The following snippet processes the provided string content. The language is unspecified (Language.XX), as only tokenization is done.

pipe.newDocument();
AnnotatedToken[] tokens = pipe.process(content, Language.XX);
print(tokens);
pipe.endDocument();

Code Sample

The following class uses the preceding code and displays the analysis result on the standard output stream.
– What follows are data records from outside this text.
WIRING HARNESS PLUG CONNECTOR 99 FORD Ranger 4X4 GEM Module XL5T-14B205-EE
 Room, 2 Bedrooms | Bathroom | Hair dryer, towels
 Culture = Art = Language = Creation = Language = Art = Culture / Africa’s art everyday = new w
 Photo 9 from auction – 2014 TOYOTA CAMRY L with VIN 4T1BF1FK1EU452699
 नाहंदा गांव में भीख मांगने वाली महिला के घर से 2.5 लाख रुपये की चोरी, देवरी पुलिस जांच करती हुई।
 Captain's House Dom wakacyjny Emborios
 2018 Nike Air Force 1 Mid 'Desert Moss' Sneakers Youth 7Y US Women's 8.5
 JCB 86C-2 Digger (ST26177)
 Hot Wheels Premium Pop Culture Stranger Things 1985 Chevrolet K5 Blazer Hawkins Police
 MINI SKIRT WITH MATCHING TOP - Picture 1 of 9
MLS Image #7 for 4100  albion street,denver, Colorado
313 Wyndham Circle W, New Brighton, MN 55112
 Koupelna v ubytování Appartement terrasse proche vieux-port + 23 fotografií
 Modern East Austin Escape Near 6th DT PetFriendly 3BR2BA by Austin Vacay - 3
package com.exalead.mot.tutorial;

import java.io.BufferedReader;
import java.io.IOException;
import java.io.InputStreamReader;
import java.util.ArrayList;import java.util.List;

import com.exalead.lang.Language;
import com.exalead.linguistic.LinguisticFactory;
import com.exalead.linguistic.v10.NormalizerConfig;
import com.exalead.linguistic.v10.StandardTokenizer;
import com.exalead.linguistic.v10.Tokenizer;
import com.exalead.mot.core.MOTPipe;
import com.exalead.mot.v10.AnnotatedToken;
import com.exalead.mot.v10.Annotation;

public class Step1Tokenization {
    public static void main(String[] argv) throws IOException {
if (argv.length != 1) {
        System.err.println("usage: java com.exalead.mot.tutorial.Step1Tokenization /path/to/mot/config.xml");
        System.exit(1);
   }
        Step1Tokenization step1 = new Step1Tokenization();
        if (!step1.init(argv[0])) {
            return;
        }

        BufferedReader stdin = new BufferedReader(new InputStreamReader(System.in));
        try {
            while (true) {
                System.out.print("Enter a sentence to parse: ");
                step1.process(stdin.readLine());
            }
        } catch (IOException e) {
            step1._pipe.release();
        }
    }
    private MOTPipe _pipe;

    public Step1Tokenization() {
    }

public boolean init(String motConfigPath) {
        try {
            _pipe = LinguisticFactory.buildPipe(motConfigPath);
            System.out.println("Loading pipe...");
            _pipe.init();
            System.out.println("Pipe loaded.");
        } catch (Exception e) {
            e.printStackTrace();
            System.err.println("Could not load pipe: " + e.getMessage());
            return false;
        }
        return true;
    }

    private void print(AnnotatedToken[] tokens) {
        for (int i = 0; i < tokens.length; ++i) {
            AnnotatedToken tok = tokens[i];
            System.out.println(" Token[" + tok.token + "] kind[" + AnnotatedToken.nameOfKind(tok.kind) + "] 
lng[" + Language.name(tok.lang) + "] offset[" + tok.offset + "]");
            print(tok.annotations);
        }
    }
    private void print(Annotation[] annotations) {
        for (int j = 0; j < annotations.length; ++j) {
            Annotation ann = annotations[j];
            System.out.println(" Annotation[" + ann.displayForm + "] tag[" + ann.tag + "] nbTokens
[" + ann.nbTokens + "]");
        } 
   }

    public void process(String content) {
        _pipe.newDocument();
        AnnotatedToken[] tokens = _pipe.process(content, Language.XX);
        print(tokens);
        _pipe.endDocument();
    }
}

When you run it, you obtain an output similar to the following.

Loading pipe...
Pipe loaded.
Enter a sentence to parse: hello world
  Token[hello] kind[ALPHA] lng[xx] offset[0]
    Annotation[hello] tag[LOWERCASE] nbTokens[1]
    Annotation[hello] tag[NORMALIZE] nbTokens[1]
  Token[ ] kind[SEP_SPACE] lng[xx] offset[5]
  Token[world] kind[ALPHA] lng[xx] offset[6]
    Annotation[world] tag[LOWERCASE] nbTokens[1]
    Annotation[world] tag[NORMALIZE] nbTokens[1]